The server is a Dell R710 running BIOS version 1.0.4. Could you elaborate on how to run the meminfo module?
I don't know if the Fedora install disks include it; if they do you can just boot to the menu, press Esc to get to a boot prompt, and then type "meminfo".
meminfo doesn't seem to be included on the Fedora 8 disc I tried. Memtest is though and it correctly shows 24GB. Does that help?

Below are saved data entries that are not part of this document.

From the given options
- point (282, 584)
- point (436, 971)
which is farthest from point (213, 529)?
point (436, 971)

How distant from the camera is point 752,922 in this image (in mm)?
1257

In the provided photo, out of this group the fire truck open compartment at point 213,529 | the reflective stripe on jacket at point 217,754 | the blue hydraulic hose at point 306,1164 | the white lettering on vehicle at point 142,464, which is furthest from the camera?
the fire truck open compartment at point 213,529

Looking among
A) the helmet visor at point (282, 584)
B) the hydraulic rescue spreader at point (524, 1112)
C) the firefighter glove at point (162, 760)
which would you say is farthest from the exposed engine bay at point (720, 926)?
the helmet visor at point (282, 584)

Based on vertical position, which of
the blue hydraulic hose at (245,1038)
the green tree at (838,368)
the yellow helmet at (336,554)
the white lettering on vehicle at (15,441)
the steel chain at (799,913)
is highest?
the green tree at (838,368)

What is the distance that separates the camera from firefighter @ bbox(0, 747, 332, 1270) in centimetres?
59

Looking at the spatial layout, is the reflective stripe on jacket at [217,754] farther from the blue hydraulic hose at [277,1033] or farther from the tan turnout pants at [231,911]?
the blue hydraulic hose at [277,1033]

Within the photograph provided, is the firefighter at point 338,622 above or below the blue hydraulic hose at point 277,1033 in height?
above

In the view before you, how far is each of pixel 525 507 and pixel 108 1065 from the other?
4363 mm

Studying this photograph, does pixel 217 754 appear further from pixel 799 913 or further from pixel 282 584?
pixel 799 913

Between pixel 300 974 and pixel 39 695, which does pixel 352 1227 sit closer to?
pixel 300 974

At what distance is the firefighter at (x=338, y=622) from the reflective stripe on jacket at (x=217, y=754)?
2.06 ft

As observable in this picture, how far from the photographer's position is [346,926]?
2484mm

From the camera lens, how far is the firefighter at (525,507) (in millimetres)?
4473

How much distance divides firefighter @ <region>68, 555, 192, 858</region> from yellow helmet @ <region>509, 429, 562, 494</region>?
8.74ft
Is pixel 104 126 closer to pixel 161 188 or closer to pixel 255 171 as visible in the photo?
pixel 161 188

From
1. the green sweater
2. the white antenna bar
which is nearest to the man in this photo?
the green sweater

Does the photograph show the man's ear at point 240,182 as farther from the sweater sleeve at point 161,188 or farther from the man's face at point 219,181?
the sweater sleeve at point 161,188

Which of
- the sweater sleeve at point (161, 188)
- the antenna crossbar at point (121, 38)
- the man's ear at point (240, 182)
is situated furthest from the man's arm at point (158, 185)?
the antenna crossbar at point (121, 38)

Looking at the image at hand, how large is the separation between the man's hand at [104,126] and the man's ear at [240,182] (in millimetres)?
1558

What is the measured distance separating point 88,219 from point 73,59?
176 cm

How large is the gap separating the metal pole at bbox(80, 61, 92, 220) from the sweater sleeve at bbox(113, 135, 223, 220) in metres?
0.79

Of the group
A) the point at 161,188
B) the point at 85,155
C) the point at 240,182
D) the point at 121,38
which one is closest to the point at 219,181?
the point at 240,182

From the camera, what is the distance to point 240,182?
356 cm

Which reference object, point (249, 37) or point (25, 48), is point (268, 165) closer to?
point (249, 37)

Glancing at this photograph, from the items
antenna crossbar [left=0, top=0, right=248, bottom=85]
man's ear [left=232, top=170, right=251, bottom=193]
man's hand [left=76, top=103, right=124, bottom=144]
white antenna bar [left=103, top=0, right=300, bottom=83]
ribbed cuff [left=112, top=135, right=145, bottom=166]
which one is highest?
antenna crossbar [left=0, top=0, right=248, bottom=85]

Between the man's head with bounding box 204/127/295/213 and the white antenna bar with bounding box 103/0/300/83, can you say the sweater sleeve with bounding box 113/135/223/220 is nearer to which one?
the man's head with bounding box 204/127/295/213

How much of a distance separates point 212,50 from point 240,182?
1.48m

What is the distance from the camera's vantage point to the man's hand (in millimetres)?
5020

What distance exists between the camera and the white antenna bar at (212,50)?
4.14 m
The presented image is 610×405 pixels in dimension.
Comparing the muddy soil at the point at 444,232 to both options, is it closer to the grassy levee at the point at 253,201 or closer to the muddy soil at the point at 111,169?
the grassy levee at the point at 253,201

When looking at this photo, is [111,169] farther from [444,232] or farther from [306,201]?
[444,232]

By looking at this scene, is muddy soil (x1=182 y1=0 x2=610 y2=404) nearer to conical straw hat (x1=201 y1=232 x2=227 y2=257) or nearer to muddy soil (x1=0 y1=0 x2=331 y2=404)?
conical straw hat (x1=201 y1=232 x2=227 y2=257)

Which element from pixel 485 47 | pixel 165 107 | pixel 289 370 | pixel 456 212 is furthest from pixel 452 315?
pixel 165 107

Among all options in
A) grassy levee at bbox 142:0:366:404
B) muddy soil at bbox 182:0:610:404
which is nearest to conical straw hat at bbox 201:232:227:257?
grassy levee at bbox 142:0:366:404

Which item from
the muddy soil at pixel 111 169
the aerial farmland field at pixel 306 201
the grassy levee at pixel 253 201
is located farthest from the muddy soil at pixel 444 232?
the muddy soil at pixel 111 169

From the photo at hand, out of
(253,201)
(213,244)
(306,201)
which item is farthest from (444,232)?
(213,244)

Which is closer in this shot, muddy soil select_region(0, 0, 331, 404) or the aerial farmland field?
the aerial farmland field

I could include a screenshot if need be.
Created attachment 344871 [details] t610.jpg meminfo.c32 from an t610 (albeit with a test BIOS).
From conversation with hpa: ACPI 3.0b, section 14.1; in particular tables 14-4 and 14-5 Table 14-5 specifies bit 0 in the extended flags as "AddressRangeEnabled": "If clear, the OSPM ignores the Address Range Descriptor. This allows the BIOS to populate the E820 table with a static number of structures but only enable them as necessary." Engaging the BIOS team leads.

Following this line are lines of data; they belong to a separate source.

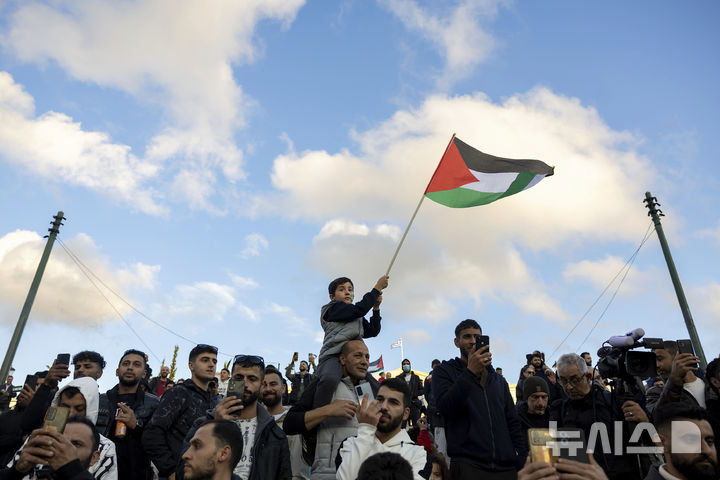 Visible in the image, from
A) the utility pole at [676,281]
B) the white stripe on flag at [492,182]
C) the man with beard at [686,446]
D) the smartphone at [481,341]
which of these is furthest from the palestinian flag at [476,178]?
the utility pole at [676,281]

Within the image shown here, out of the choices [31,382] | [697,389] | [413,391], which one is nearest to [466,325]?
[697,389]

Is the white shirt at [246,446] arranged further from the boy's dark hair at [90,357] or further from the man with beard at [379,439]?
the boy's dark hair at [90,357]

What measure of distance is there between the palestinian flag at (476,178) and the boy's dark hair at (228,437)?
19.4 ft

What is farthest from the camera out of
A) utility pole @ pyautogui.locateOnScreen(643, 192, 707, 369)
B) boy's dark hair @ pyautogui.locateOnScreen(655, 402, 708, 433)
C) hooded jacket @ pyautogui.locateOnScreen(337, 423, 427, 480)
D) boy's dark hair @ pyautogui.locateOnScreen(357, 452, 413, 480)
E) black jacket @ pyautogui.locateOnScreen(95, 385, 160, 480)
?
utility pole @ pyautogui.locateOnScreen(643, 192, 707, 369)

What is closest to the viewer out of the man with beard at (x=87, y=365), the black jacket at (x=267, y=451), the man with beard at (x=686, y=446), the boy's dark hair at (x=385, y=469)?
the boy's dark hair at (x=385, y=469)

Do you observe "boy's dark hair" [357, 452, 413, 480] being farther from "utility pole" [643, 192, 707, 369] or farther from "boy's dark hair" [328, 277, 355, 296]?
"utility pole" [643, 192, 707, 369]

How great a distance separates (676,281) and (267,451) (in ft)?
66.7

Created attachment 344901 [details] Proposed patch for upstream I am proposing this the attached patch for upstream. I would appreciate any help testing this patch to verify that it fixes the problem.

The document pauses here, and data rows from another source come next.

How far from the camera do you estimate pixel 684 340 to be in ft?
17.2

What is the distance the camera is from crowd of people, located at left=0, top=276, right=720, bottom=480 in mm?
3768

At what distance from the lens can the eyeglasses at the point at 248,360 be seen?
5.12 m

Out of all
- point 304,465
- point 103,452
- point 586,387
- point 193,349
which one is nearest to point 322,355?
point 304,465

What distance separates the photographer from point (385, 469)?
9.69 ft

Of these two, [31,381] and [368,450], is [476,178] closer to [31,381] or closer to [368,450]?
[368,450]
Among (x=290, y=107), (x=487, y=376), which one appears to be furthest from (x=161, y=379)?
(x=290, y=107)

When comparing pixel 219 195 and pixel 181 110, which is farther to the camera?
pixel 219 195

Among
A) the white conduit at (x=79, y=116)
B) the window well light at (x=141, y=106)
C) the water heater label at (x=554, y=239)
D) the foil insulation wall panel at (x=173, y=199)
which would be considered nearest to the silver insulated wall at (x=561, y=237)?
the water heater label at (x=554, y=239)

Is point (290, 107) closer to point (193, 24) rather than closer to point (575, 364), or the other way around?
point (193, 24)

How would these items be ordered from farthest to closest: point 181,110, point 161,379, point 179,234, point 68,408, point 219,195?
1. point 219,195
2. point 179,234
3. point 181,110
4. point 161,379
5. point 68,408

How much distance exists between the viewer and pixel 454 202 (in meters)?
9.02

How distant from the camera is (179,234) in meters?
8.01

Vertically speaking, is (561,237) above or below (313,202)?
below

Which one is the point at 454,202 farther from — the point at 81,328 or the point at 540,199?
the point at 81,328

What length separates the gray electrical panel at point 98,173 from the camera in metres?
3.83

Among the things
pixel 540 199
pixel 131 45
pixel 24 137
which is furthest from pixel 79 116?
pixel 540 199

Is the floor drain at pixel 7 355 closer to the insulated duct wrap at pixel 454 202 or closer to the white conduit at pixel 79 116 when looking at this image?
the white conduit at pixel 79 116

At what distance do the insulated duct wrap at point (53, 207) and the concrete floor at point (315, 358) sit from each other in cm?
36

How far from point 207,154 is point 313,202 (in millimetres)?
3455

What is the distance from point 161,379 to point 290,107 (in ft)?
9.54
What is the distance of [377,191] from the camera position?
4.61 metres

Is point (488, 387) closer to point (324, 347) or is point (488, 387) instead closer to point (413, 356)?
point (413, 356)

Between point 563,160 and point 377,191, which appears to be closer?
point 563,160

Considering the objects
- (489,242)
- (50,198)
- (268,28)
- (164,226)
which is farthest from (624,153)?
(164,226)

Scratch rpms are building here: http://koji.fedoraproject.org/koji/taskinfo?taskID=1367616 Could you please test this, Thomas, and let us know if you still get your full 24GB of memory with them? regards, Kyle
Created attachment 344950 [details] meminfo.c32 from actual machine
It does seem to fix it. Any other info you want? tessellate> cat /proc/version Linux version 2.6.29.3-155.bz499396.fc11.x86_64 (mockbuild.phx.redhat.com) (gcc version 4.4.0 20090506 (Red Hat 4.4.0-4) (GCC) ) #1 SMP Wed May 20 21:36:06 EDT 2009 tessellate> cat /proc/meminfo MemTotal: 24489808 kB MemFree: 24131152 kB Buffers: 20120 kB Cached: 55144 kB SwapCached: 0 kB Active: 45192 kB Inactive: 55248 kB Active(anon): 25388 kB Inactive(anon): 0 kB Active(file): 19804 kB Inactive(file): 55248 kB Unevictable: 0 kB Mlocked: 0 kB SwapTotal: 8388600 kB SwapFree: 8388600 kB Dirty: 24 kB Writeback: 0 kB AnonPages: 25236 kB Mapped: 14700 kB Slab: 54532 kB SReclaimable: 11352 kB SUnreclaim: 43180 kB PageTables: 4812 kB NFS_Unstable: 0 kB Bounce: 0 kB WritebackTmp: 0 kB CommitLimit: 20633504 kB Committed_AS: 301440 kB VmallocTotal: 34359738367 kB VmallocUsed: 333764 kB VmallocChunk: 34359371951 kB HugePages_Total: 0 HugePages_Free: 0 HugePages_Rsvd: 0 HugePages_Surp: 0 Hugepagesize: 2048 kB DirectMap4k: 6756 kB DirectMap2M: 25149440 kB tessellate>
hpa, http://koji.fedoraproject.org/koji/taskinfo?taskID=1370708 new scratch build is available here with your latest patch (the reversion of the ACPI 3 e820 code.) thanks! Kyle
That build seems to work for me. Do you want any output?
The patch included in the build in comment #41 (reversion of ACPI 3 e820 code) has landed in the x86-tip tree, and is expected to be in Linus's tree shortly.